He offered directions without her having to ask.
Obviously Caleb had listened to the man in the woods, with his rank breath and wooden leg. She ran despite the soreness from wo
rking the crane, the pain in her side growing and throbbing like a living thing. Though it slowed her, she didn’t stop. She took the steep steps two at a time, rushed past the scorched wood confirming she had the right place, and opened the door.
The doorman—his mass dwarfing the chair upon which he sat—merely tapped the money box on his lap. The dim room and smoky haze took a minute to get used to and the first thing she saw when her eyes adjusted was Owen Trachte. She knew him instantly; he possessed the stubbed features and square shoulders of his father. The thought of Phillip Trachte, Watersbridge’s only doctor twelve years prior, took Elspeth’s breath away as swiftly as the kick of a mule. Elspeth hadn’t had time to worry herself with being recognized, but her past had stepped out of the murk to remind her of her sins. The room grew hot and blurred, the details melting away.
“Help you, fella?” Ethan said, perhaps seeing the pallor on Elspeth’s face.
“No.” She collapsed into one of the upholstered chairs around the entryway. She loosened the scarf at her neck and tore the hat from her head.
The doorman looked at her sideways. “Ain’t no resting place.”
Elspeth’s breath raced away from her, faster and faster until her lungs squeezed shut and her eyes searched the room for relief.

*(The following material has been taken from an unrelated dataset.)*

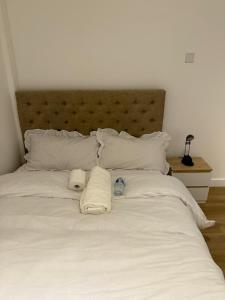 Postel nebo postele na pokoji v ubytování Modern double bed - Central Dartford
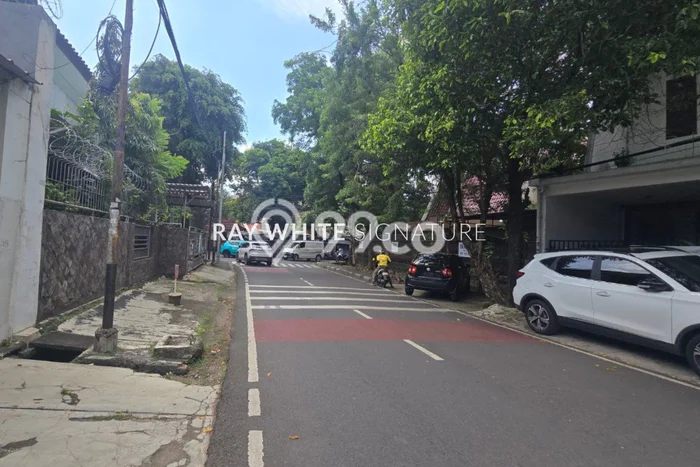 For Sale! Premium House LT 266m2 Desain Modern di Bendungan Hilir For Sale! Premium House LT 266m2 Desain Modern di Bendungan Hilir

“Hey, hey, hey,” the doorman said. He disappeared out of the clear center of Elspeth’s vision and into the smudged periphery. He came back with two glasses, one filled with whiskey, the other cloudy water. She drank them between gasps, the liquid escaping out the corners of her mouth. He told her how much she owed him for the whiskey and then asked, “You seen a ghost or something?”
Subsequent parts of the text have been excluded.